Maybe he was high on something, but one honest pro “enhanced interrogation” member of the Right once said in a blog that he didn’t care about all the facts; that torture isn’t effective, it helps radicals win more recruits, that it endangers our troops and agents, did not care if it is illegal and immoral. He said that he liked it – pretty much what one can conclude from the Uncle Jimbo post. He liked it because it made “them”, the Untermensch, feel pain. He believed, despite evidence to the contrary, that using torture scared terrorists and potential terrorists. Such fear would deter another 9-11. Since I read that we’ve seen AQ regain strength in Afghanistan, the London bombings and we still have Americans dying in Iraq.
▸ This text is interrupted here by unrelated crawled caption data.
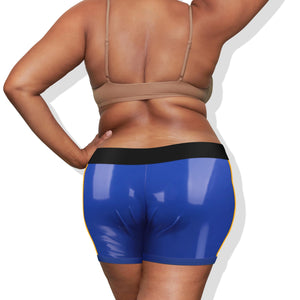 LOVETOY Strap On Harness Faux Leather Shorts Pants Strapon Strap On Boxers for Women Male Strap On Set Pegging Adult Couples Sex
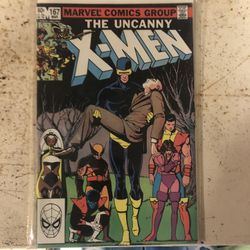 X-men 167 Mint Condition 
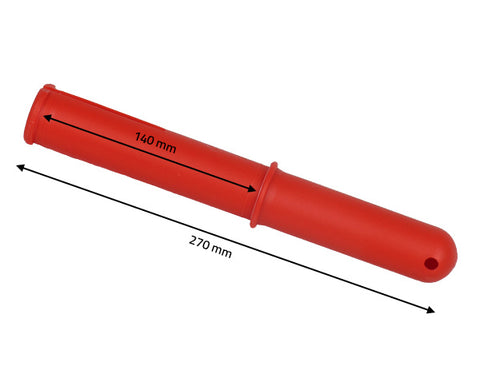 Holder for protective film on the roll APP FO SU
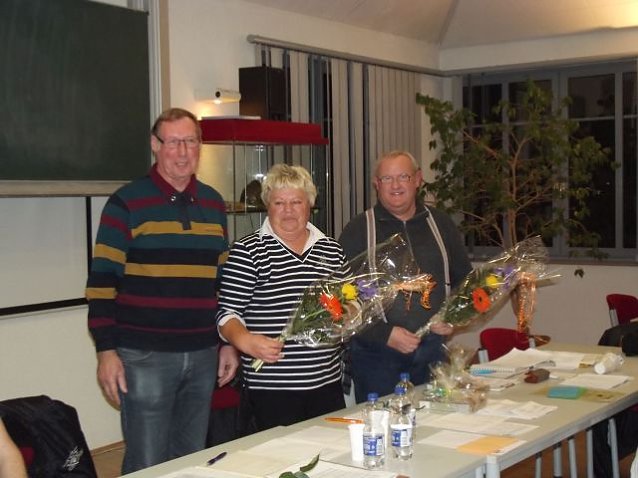 Bild: Neuer Gartenvereinsvorstand gew&auml;hlt in Gl&uuml;ckauf e. V. in Sondershausen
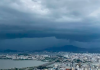 SC tem alerta de chuva intensa com chance de alagamentos e enxurradas a partir deste domingo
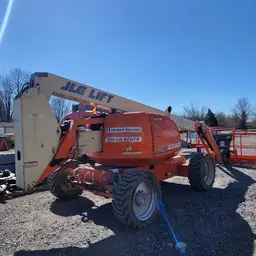 2016 JLG 600AJ Articulating Boom Lift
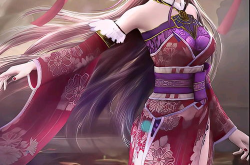 国漫女神高清壁纸,高清壁纸中的绝美画卷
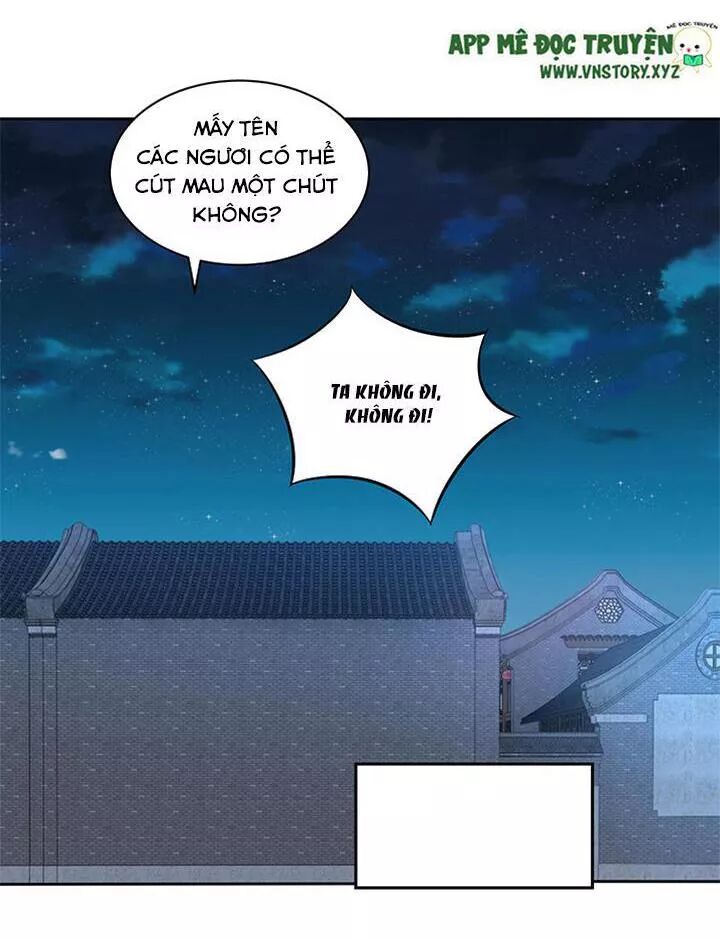 Đô đốc đại nhân sủng thê kí: Chapter 154: Trâu già gặm cỏ non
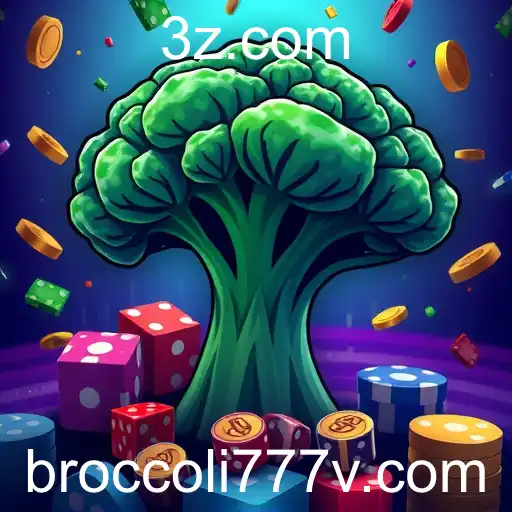 Broccoli777: Revolução nos Jogos Online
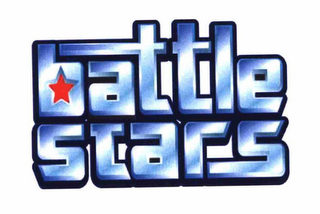 BATTLE STARS logo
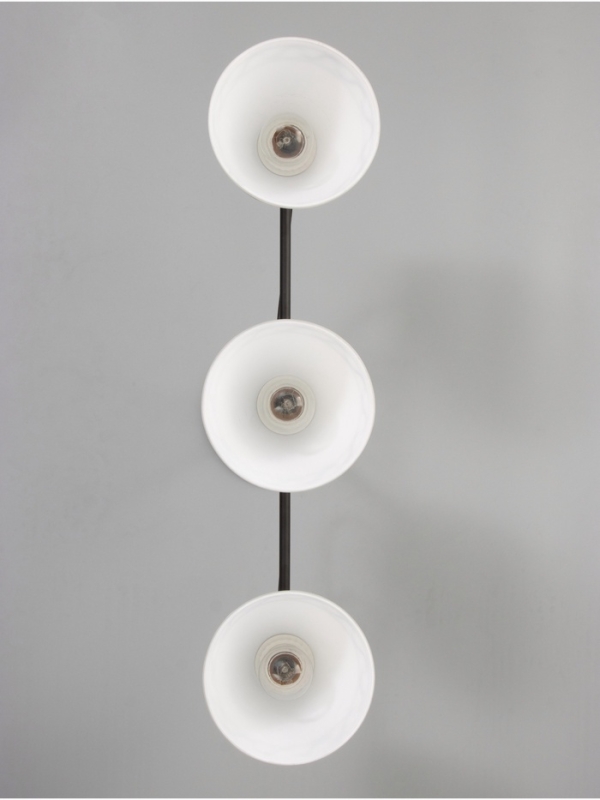 Люстра Люстра "Кинг" 3х40Вт Е27 черный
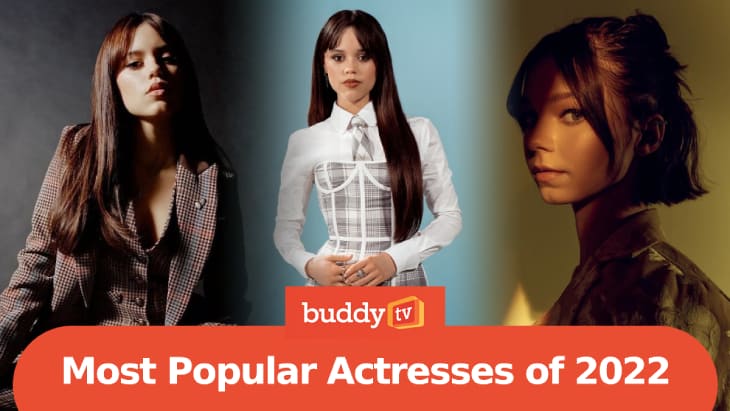 Top 10 Most Popular Actresses of 2022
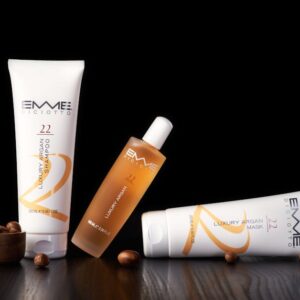 Kit de Cuidado Capilar Revitalizante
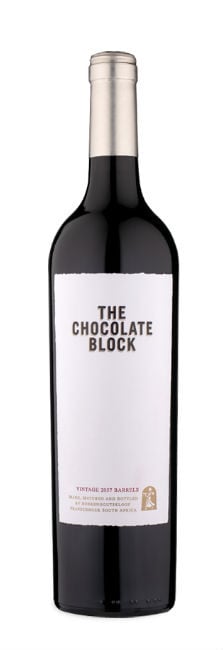 2023 Boekenhoutskloof Chocolate Block (Magnum) - Red - Caviste Wine
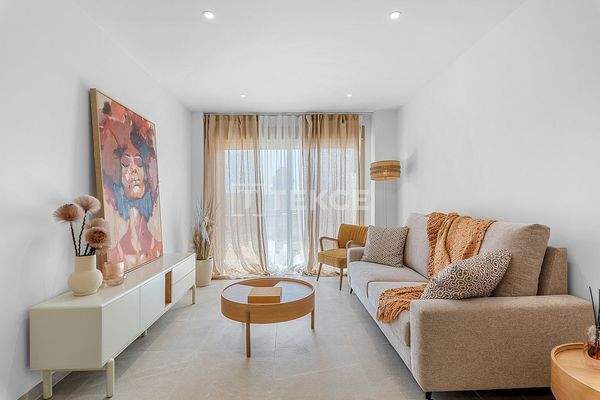 Apartments with Shared Pool in Jacarilla Alicante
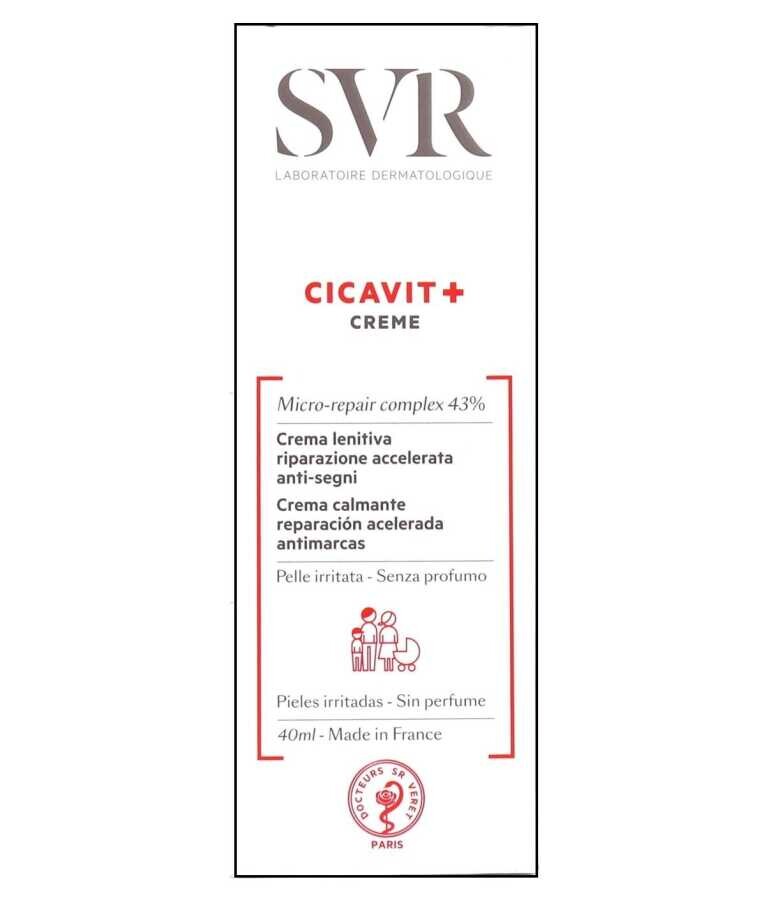 Cicavit+ Creme 40 ml - 1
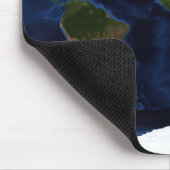 Topografie en bathymetrische verdeling van de voll muismat (Hoek)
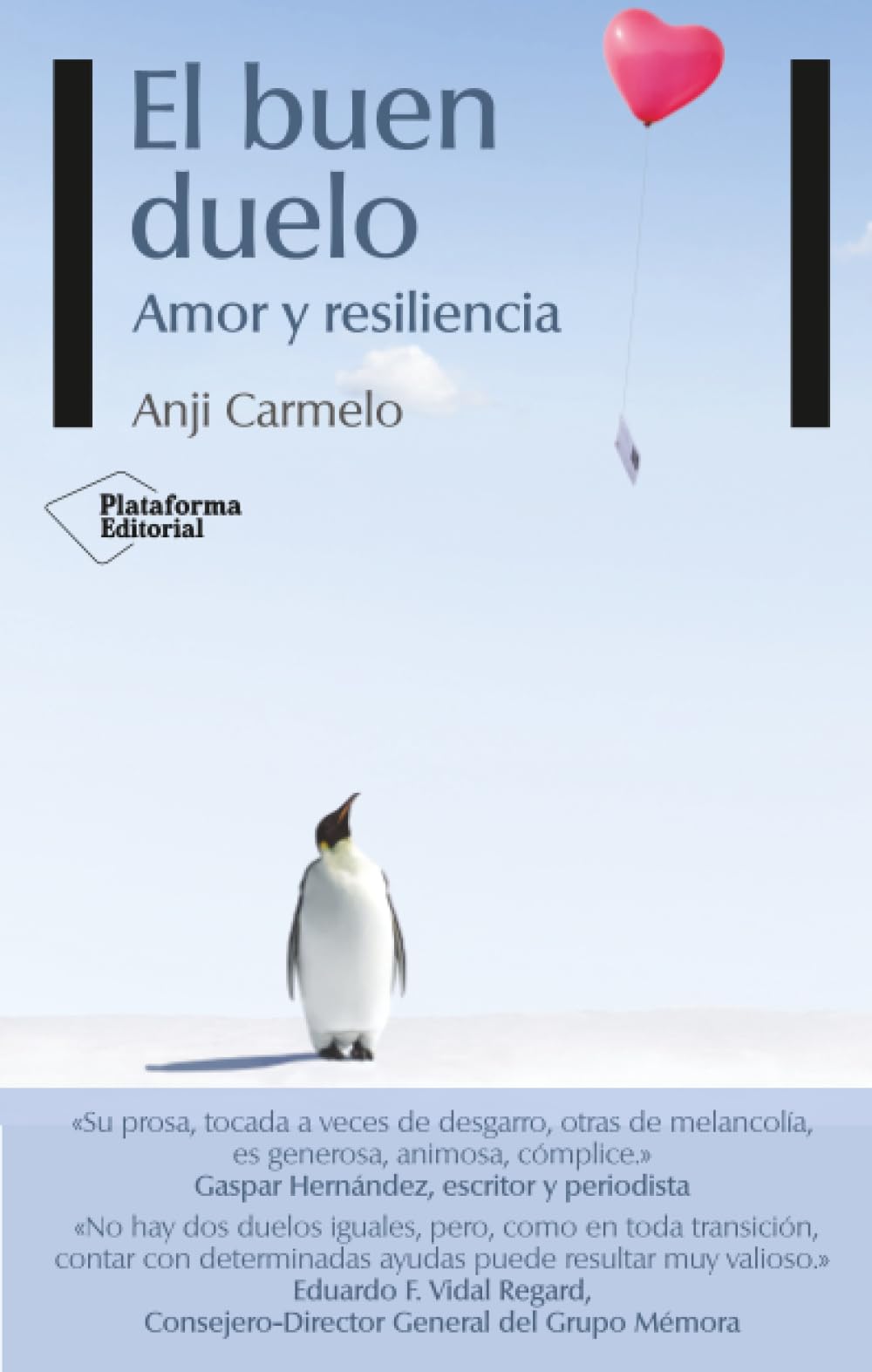 Portada de Buen Duelo,El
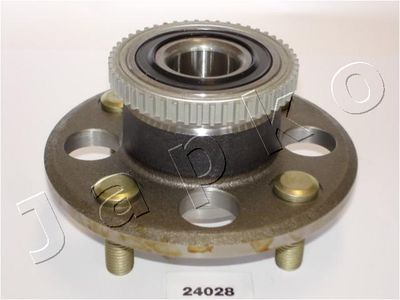 Wheel Hub JAPKO 424028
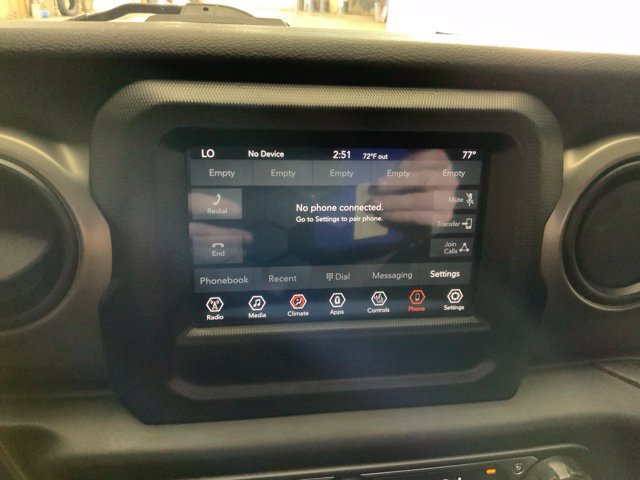Used 2019 Jeep Wrangler Unlimited Sport S AWD/4WD image 21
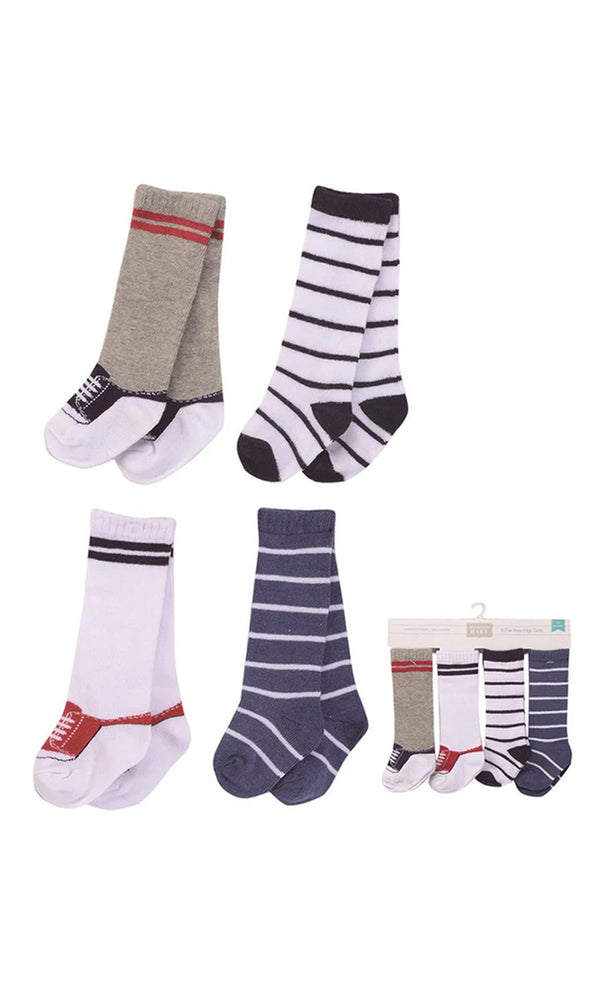 Socks Pack Of 4 - 0295157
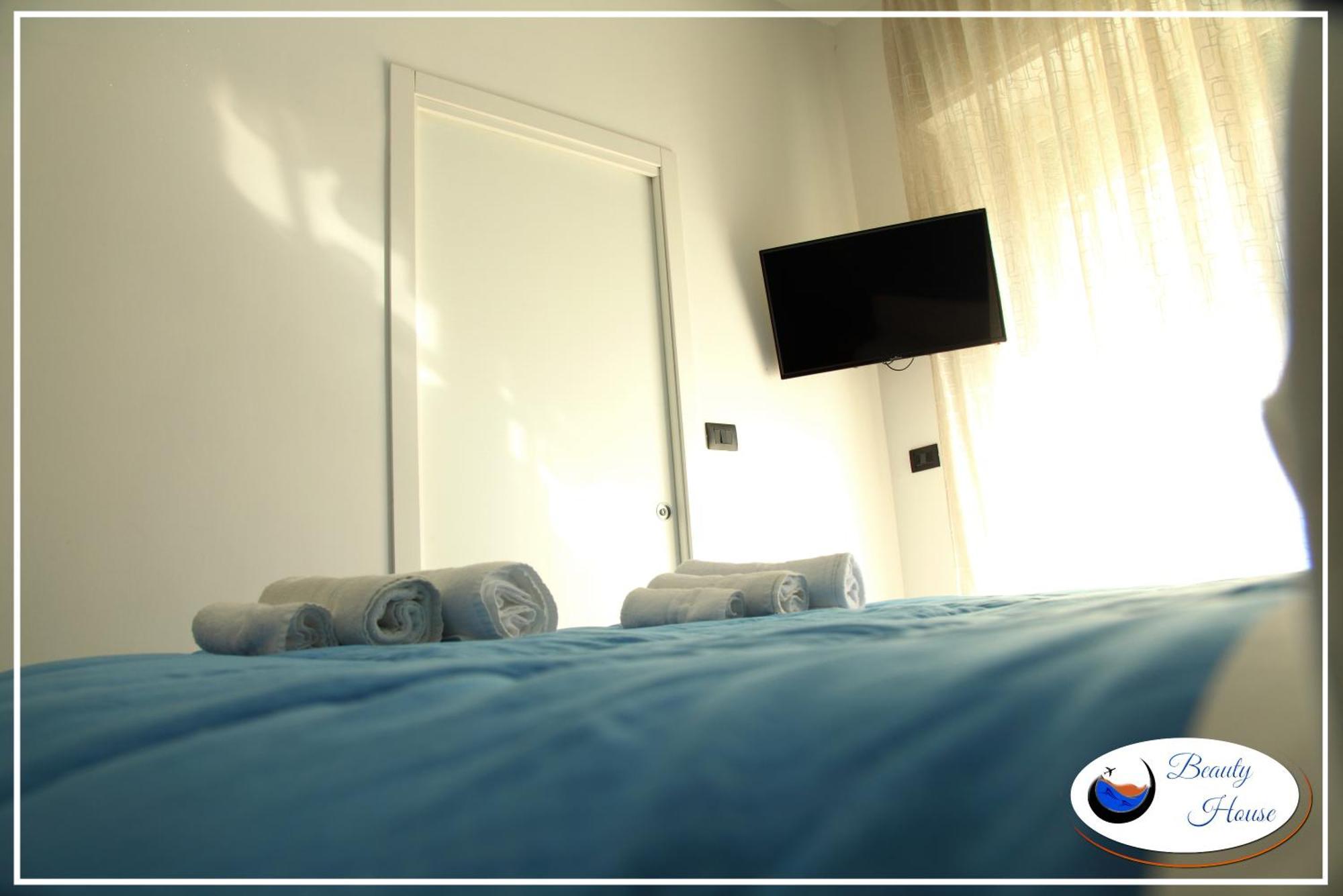 Beauty House Bed and Breakfast Reggio di Calabria Exteriör bild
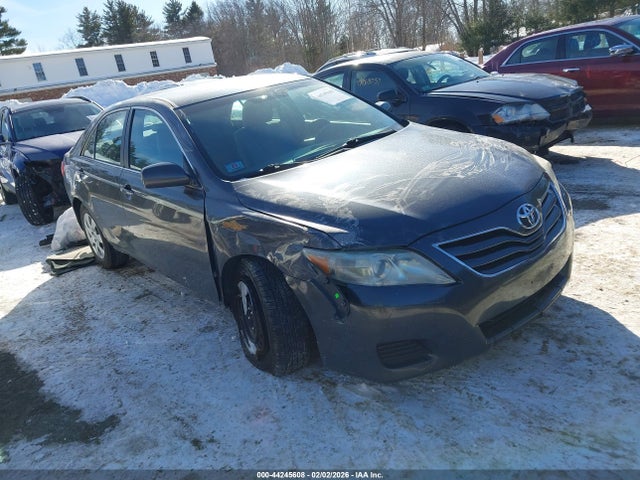 2010 TOYOTA CAMRY 4T1BF3EK9AU031563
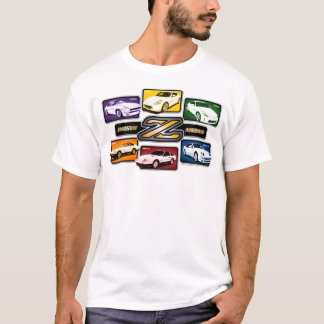 Camiseta Herança do carro Z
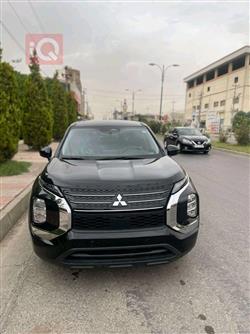 2024 ميتسوبيشي اوتلاندر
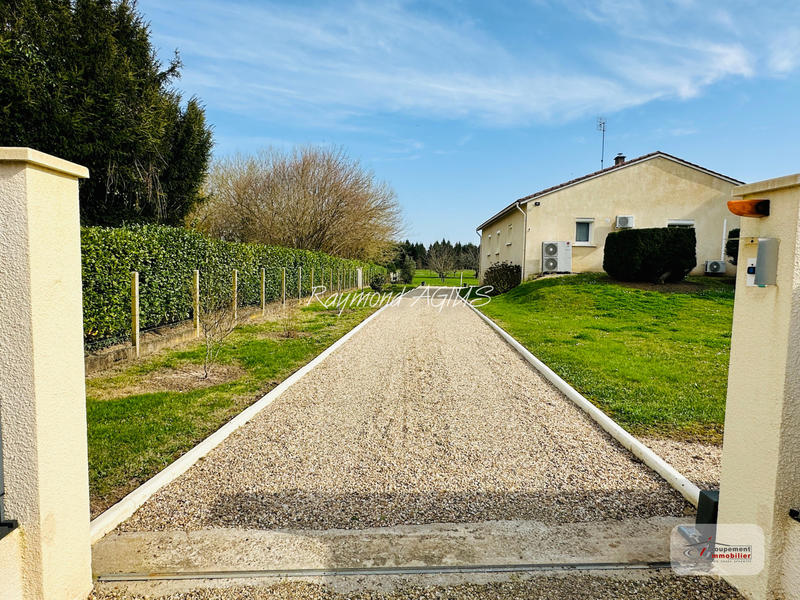 Maison - 142 m² - 6 pièces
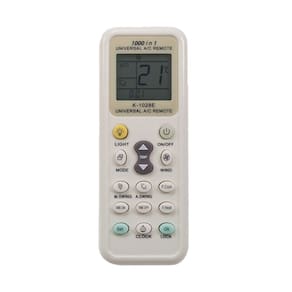 Controle Remoto Universal Para Ar Condicionado Vix KT1028E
The Bush administration backed off proposed crackdowns on no-money-down, interest-only mortgages years before the economy collapsed, buckling to pressure from some of the same banks that have now failed. It ignored remarkably prescient warnings that foretold the financial meltdown, according to an Associated Press review of regulatory documents.
Remember Bush’s recent declaration regarding his presidency, “I came to Washington with a set of values, and I’m leaving with the same set of values,”. Very much in the vein of his torture surrogates and supporters, completely immune from reality and the consequences.